→ **Your instructions**
Please repeat, from the entries that follow, the lines from the one containing "BPOL-BadBentheim: Rund 30.000" through the one containing "Ручка двери внутренняя" exactly, adding nothing.

→ **Data for processing**

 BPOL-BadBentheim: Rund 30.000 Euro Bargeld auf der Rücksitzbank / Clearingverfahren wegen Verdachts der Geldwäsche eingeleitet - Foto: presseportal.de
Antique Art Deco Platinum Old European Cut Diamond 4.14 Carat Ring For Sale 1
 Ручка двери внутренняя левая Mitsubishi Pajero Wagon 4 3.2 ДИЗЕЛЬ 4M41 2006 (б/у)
---
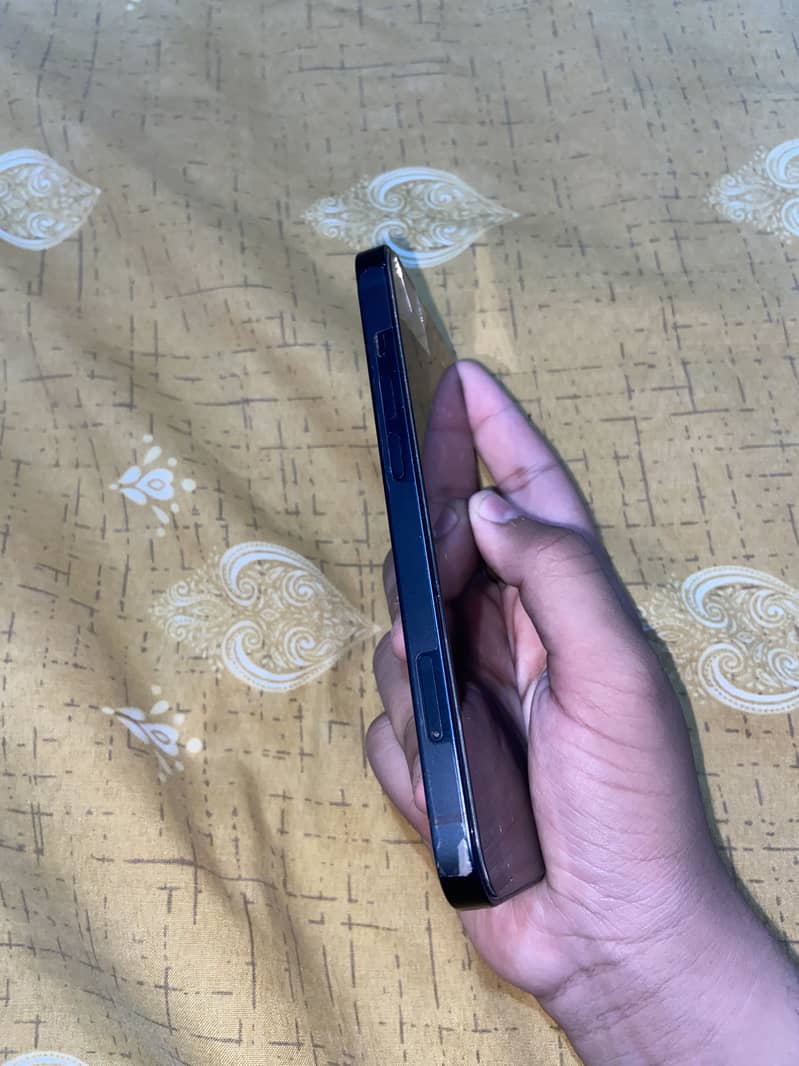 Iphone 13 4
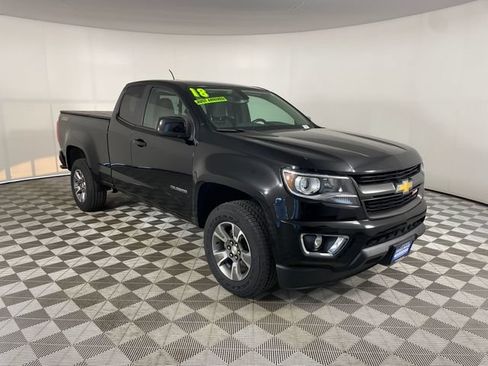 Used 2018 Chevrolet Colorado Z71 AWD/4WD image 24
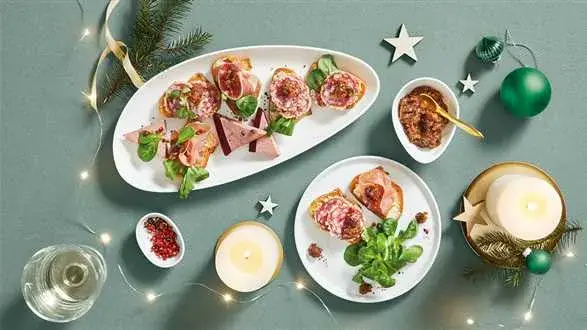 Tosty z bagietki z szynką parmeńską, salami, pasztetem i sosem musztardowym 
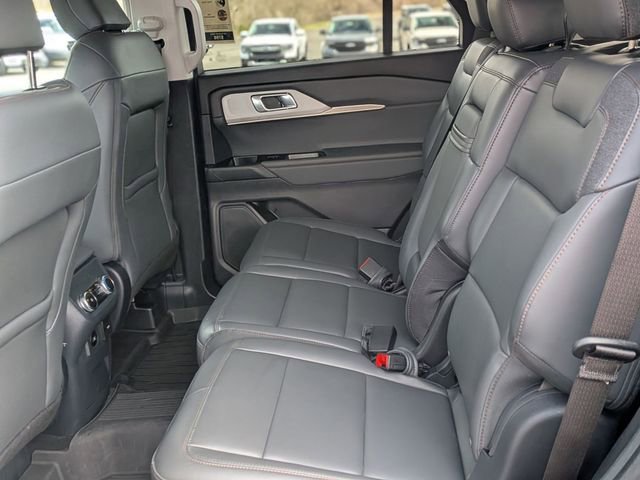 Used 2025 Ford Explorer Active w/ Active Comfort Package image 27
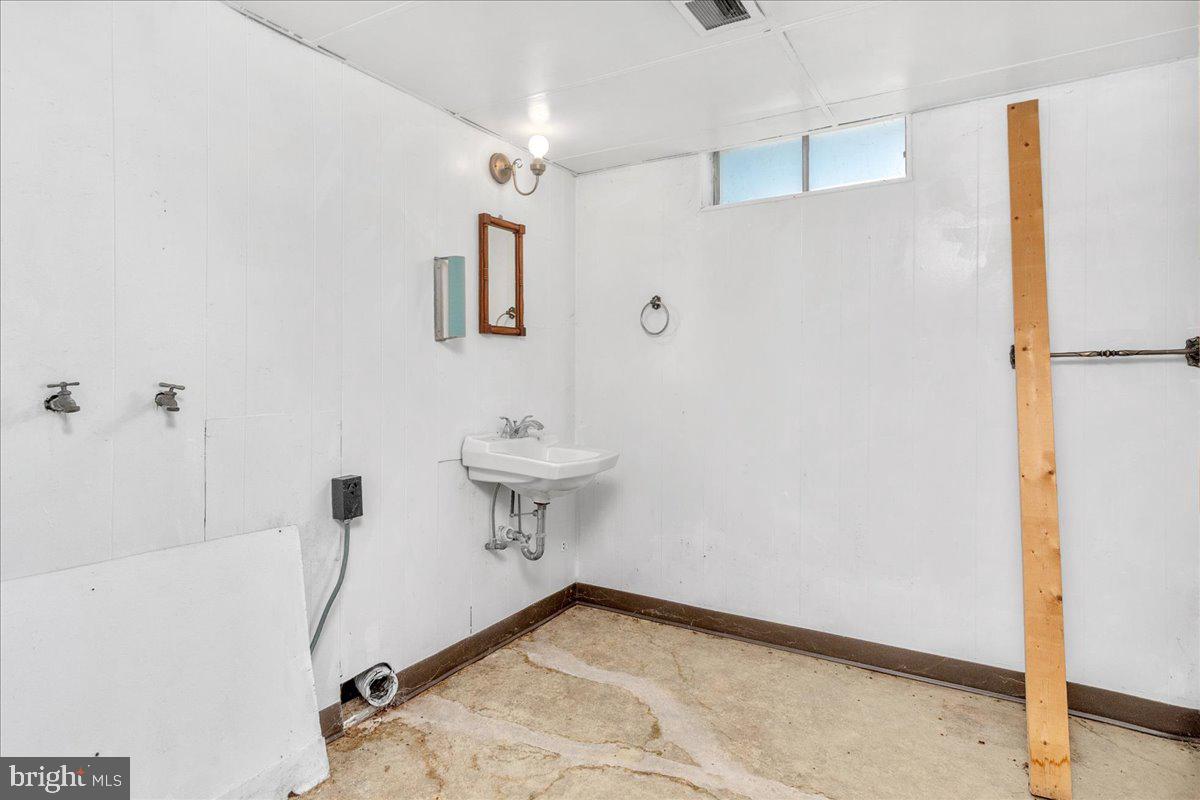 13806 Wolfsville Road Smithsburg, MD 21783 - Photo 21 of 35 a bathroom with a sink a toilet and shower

→ **Response**
 BPOL-BadBentheim: Rund 30.000 Euro Bargeld auf der Rücksitzbank / Clearingverfahren wegen Verdachts der Geldwäsche eingeleitet - Foto: presseportal.de
Antique Art Deco Platinum Old European Cut Diamond 4.14 Carat Ring For Sale 1
 Ручка двери внутренняя левая Mitsubishi Pajero Wagon 4 3.2 ДИЗЕЛЬ 4M41 2006 (б/у)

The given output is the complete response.